Por Rodrigo Pimentel Ferreira Leão, economista e mestre em desenvolvimento econômico. Foi pesquisador do Ipea, DIEESE e gestor de planejamento da Petros
Em recente coluna na Folha de São Paulo, o presidente da Petrobras, Pedro Parente, afirmou que: “(…) Deveríamos estar empenhados em atrair novos investidores e em criar o ambiente necessário para que o capital disponível no mundo venha para o Brasil”. Segundo o seu raciocínio, existiria um ranço ideológico contrário ao capital estrangeiro e favorável à estatização da economia que impulsionou a atual crise econômica: Portanto, para ele, a superação deste ranço seria uma forma de solucionar a atual crise econômica: “esta é a verdadeira escolha: entre o ranço ideológico, que a poucos beneficia, e a dignidade e o bem-estar que um novo emprego pode proporcionar a milhões de brasileiros e a suas famílias”.
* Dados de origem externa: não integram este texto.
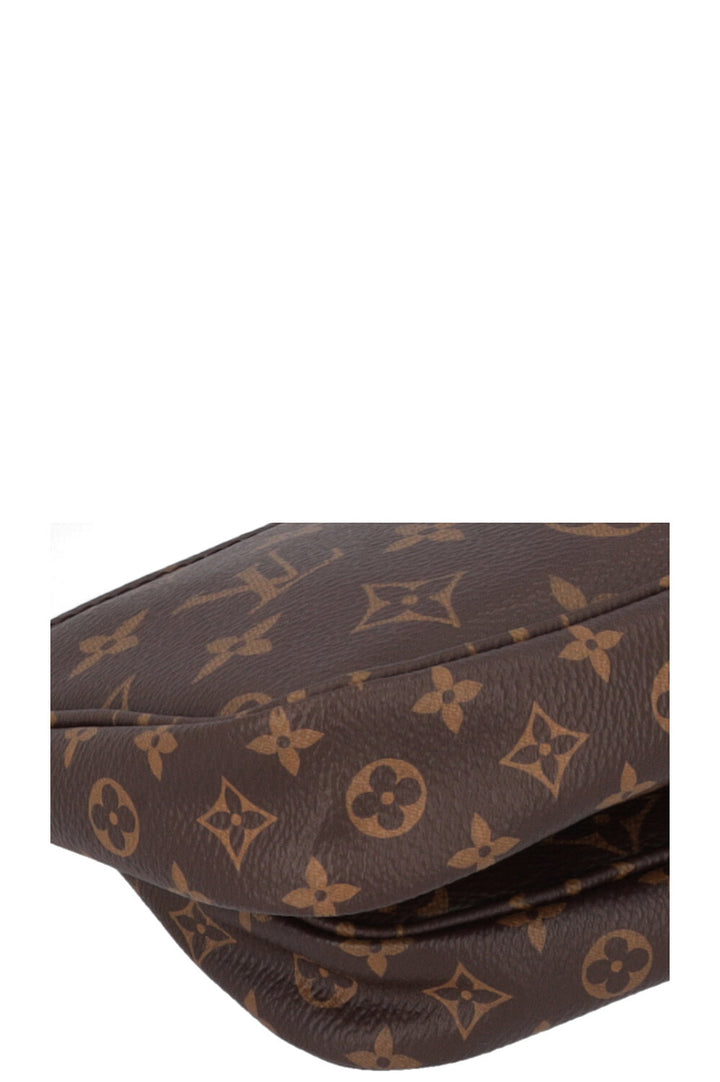 LOUIS VUITTON Multi Pochette Accessories MNG Canvas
O curioso é que o tal ranço mencionado por Parente fica distante da realidade observada na economia brasileira. Desde a forte liberalização e abertura dos anos 1990, a participação do capital estrangeiro na economia brasileira cresceu enormemente. Seja por meio dos processos de privatizações, seja pelo comércio exterior, a economia internacional teve um intenso acesso ao mercado brasileiro. Santander, HSBC, Chevron, TIM foram apenas algumas das grandes corporações globais que ingressaram no mercado nacional por intermédio da venda do patrimônio público nacional e/ou abertura de mercado oriunda de alterações da legislação brasileira. Todas essas empresas tiveram, na maior parte do tempo, condições macroeconômicas favoráveis para entrar no mercado brasileiro – câmbio relativamente valorizado e baixos salários em termos globais, por exemplo. Não é por outra razão que os investimentos estrangeiros diretos (IED) no Brasil saltaram de US$ 6,4 bilhões em 1995 para US$ 93,7 bilhões em 2014. Desde 2003, o crescimento da entrada deste tipo de capital foi de US$ 74,4 bilhões.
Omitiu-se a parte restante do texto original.